In another embodiment, depicted in FIG. 9, the heater 900 can be a self-contained unit that is separate from the driver 300 or collar 170. In the embodiment of FIG. 9, the heater 900 comprises a rigid, ring-shaped housing having an opening that is operable to accommodate the mixer housing 110. A heating element (not shown) within heater 900 is in thermal communication with the mixer housing 110 to heat curable material within the mixer housing 110. The heater 900 may also have an internal power source that is within a power source compartment 920. The heater 900 may be activated by depressing a “Heat” button 950 on the heater 900. In operation, the clinician may place the heater 900 over the mixer housing 110 before connecting the mixer housing 110 to the driver 300. The heater 900 may then be activated during and/or after mixing. In one embodiment, the heater 900 is reusable and is, thus, operable to be sterilized and the power source is operable to be recharged. In this embodiment, the power source compartment 920 may have a door to allow a power source, such as a battery, to be removed and replaced.

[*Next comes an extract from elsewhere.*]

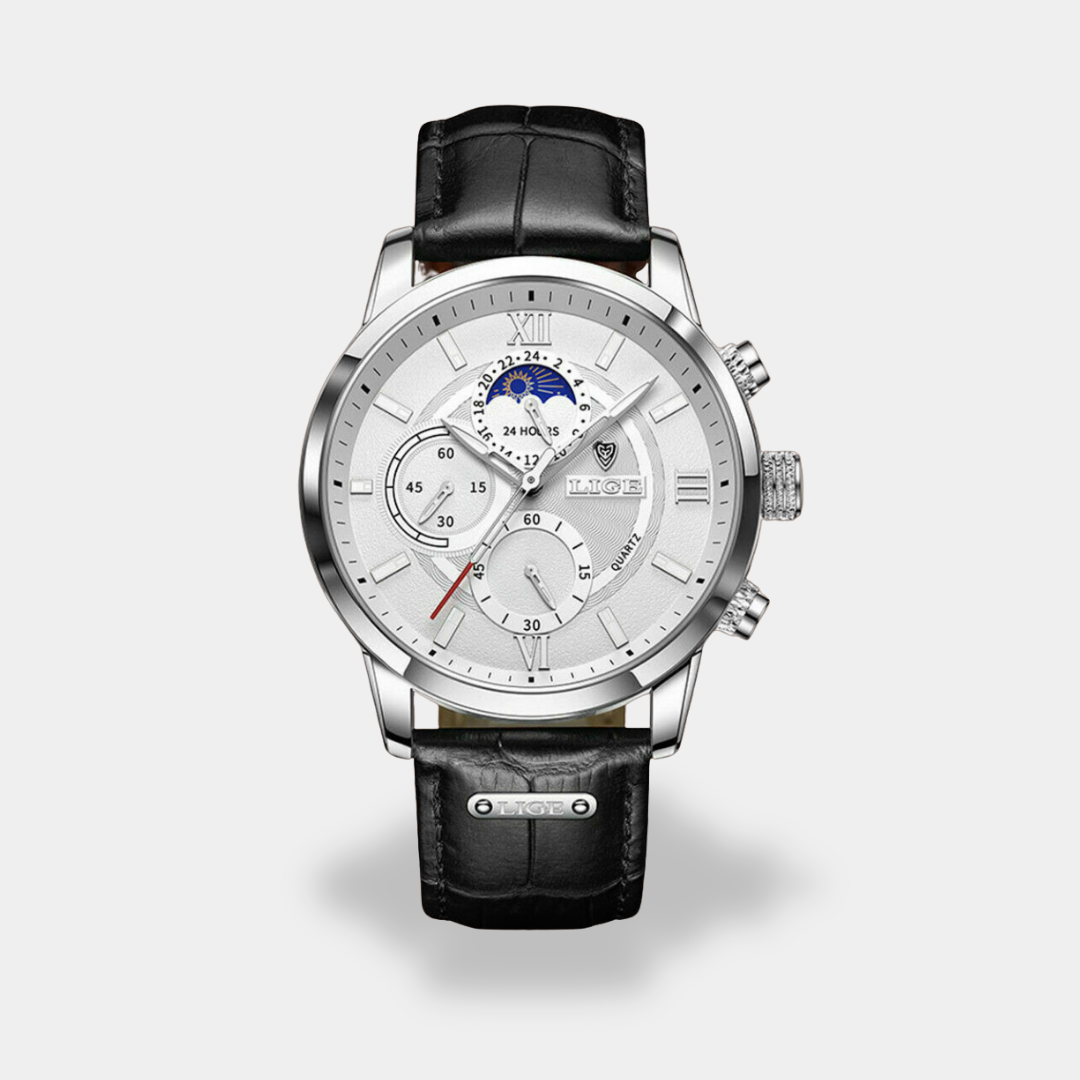 Orologio da uomo con cronografo e cinturino in pelle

It is therefore intended that the foregoing detailed description be regarded as illustrative rather than limiting, and that it be understood that it is the following claims, including all equivalents, that are intended to define the spirit and scope of this invention.

Claims

1. An apparatus for preparing curable material for delivery to a bone site comprising: a chamber housing having a chamber operable for holding curable material;a heater proximal to the chamber housing and in thermal communication with curable material within the chamber.

2. The apparatus of claim 1 wherein the heater comprises a heating element.

3. The device of claim 2 wherein heating element is exterior to the chamber housing.

4. The apparatus of claim 1 wherein the heater is operable to heat the curable material prior to delivery of the curable material to the bone site.

5. The apparatus of claim 1 further comprising a battery to provide power to the heater.

6. The apparatus of claim 1 wherein the heater comprises a heater controller for governing operation of the heater.

7. A method of preparing curable material for delivery to a bone site comprising the steps of: mixing a first component and a second component of curable material within a chamber to form a curable material;heating the curable material with a heater proximal to the chamber and in thermal communication with the chamber.

8. The method of claim 7 wherein the mixing step and the heating step are performed at least in part at the same time.

9. The method of claim 7 further comprising the step of delivering the curable material to a bone site, wherein heating is performed prior to delivery of the curable material to the bone site.

10. The method of claim 7 wherein the curable material is heated up to about 3 minutes.

11. The method of claim 7 wherein the heater comprises a heating element.

12. The method of claim 7 wherein a battery provides power to the heater.

13. The apparatus of claim 7 wherein the heater comprises a heater controller for governing operation of the heater.

14. A method of mixing a first component and a second component in a mixing chamber having a mixing element, the method comprising the steps of: loading a powder component into the mixing chamber, the mixing chamber having a first end and a second end;loading a liquid component into the mixing chamber;inserting a drive shaft into the first end of the mixing chamber;causing the mixing element to rotate by rotating the drive shaft and mixing the first component with the second component and forming a mixture;heating the chamber with a heater proximal to the chamber when the first component and the second component are being mixed.

15. The method of claim 14, wherein the heater comprises a flexible heating element that is external to the chamber.

16. The method of claim 14 wherein the mixing element comprises a heating element to heat the chamber.

17. The method of claim 14, further comprising the step of providing a driver comprising a motor connected to the drive shaft and comprising the heater, wherein the motor and heater are powered by the same power source.